The terms "Credit Crisis" refers to a CONSUMER PROBLEM. The businesses will always do just fine.

But wait, other banks are going under, why are COF and DFS different? Those were INVESTMENT banks. Bear Stearns didn't originate loans. They just bought them from shady lenders. CapitalOne and Discover Finanical are loan orginiators which don't sell their loans. That means their own practices are known to them. And therefore, they know which loans are going to default and which aren't and can manage accordingly. The other banks have no clue whether their loans are going to default. That's the key advantage. Furthermore, many of the subprime loans by the other banks were made without doing a credit check. Do you think either of these companies has EVER issued a credit card without doing a credit check? I'm willing to bet that the same is true for their auto loans. When you are the guy holding the bag, you want to know whether there is a bomb or a wad of cash in it. People have never defaulted en-mass on their mortgages like this. But with 4-5% default rates in good times, credit card companies have lots of nerds dedicated to finding out who is going to default and how to profit from them.

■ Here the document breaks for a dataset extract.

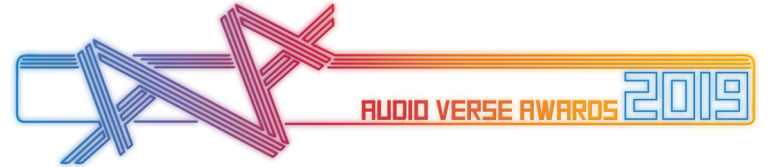 logo for audio verse awards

If you're interested in proving me wrong (or watching my predictions be validated) the earnings report hits the wire on thursday.

-Mansij Hans, E.I.T.
Member, Intigril Capital Mangement

Disclosure: Mansij Hans personally owns one call contract on COF for July 18th expiration at strike price $40 at the time of publication of the "Give Me Some Credit Here!" article. Intigril Capital Management is not short or long DFS or COF.

Additional Disclosure: Intigril Capital Management is long MSFT at the time of publication of the "Give Me Some Credit Here!" article.